Although gold is expected to trade with a positive bias in the short-term and the long-term, we do not expect an unprecedented rally as prices have already increased very sharply. Rather, we expect a consolidation in prices from the short to medium-term perspective.

What are the short, medium and long term support and resistance of the yellow metal?

Gold Short Term - Sideways
S1 – $1627 / 26000 S2 - $1601/25600
R1 – $1678 / 26900 R2 - $1702 / 27300
Gold Medium Term - Sideways
S1 – $1627 / 26000 S2 – $1570 / 25100
R1 - $1690 / 27000 R2 - $1730 / 27700
Gold Long Term - Up
S1 – $1450 / 23200 S2 – $1300 / 20800
R1 - $1850 / 29600 R2 - $2080 / 33200

What is the correct level of buying?

From a short-term perspective, we recommend buying in gold around levels of Rs 26,000/10 gram, as it is a crucial psychological mark and prices could take strong support around these levels.

How much should one invest in gold as a part of portfolio?

For an investor with a low to moderate risk appetite and tolerance level, gold investment in his/her portfolio can account for 10-15 percent. On the other hand, for an investor with high risk appetite and tolerance level, investment in gold can be around 5-8 percent as such investors would largely concentrate their investments towards equities, equity mutual funds and other asset classes like real estate.

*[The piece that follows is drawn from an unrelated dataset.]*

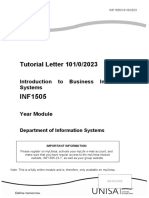 Tutorial Letter 101/0/2023: Introduction To Business Information Systems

Should one invest in gold mining fund, ETF or jewellery?

Depending on one’s risk appetite, one should plan their investments in precious metals. In case an investor is looking at gold investment from a long-term perspective, then one should buy physical gold. Whether in the jewellery form or as a gold coin would depend on the requirement, but pure investments should be made in gold coins, which are hallmarked and can be sold at any given point in time without the loss of making charges, which will apply in the case of jewellery.

There are certain set of investors, who would want to look at gold investments without actually holding the physical metal. This trend is slowly picking up pace in India as investors understand the prospect of gold as pure investments, apart from holding it in the physical form, i.e. jewellery. ETFs help an investor to take benefit of the trend in prices, without actually holding it in the physical form and also offer ease of investments, as the trading is same like that in equities.

Will the gold bubble burst? How much correction do you see in future?

From this Diwali to the next, we feel that gold prices should consolidate around levels of $1800/oz in the international markets and around Rs28,000/10gm in the Indian markets.

But the support to sharp upside in prices will remain if economic risks worsen from here on. If policymakers are not able to control the deteriorating scenario then safe-haven demand for gold could get a boost. In that case, prices could test levels of $2000/oz in the international prices and Rs32,000/10gm in the Indian markets, given that the economic scenario worsens from the current state.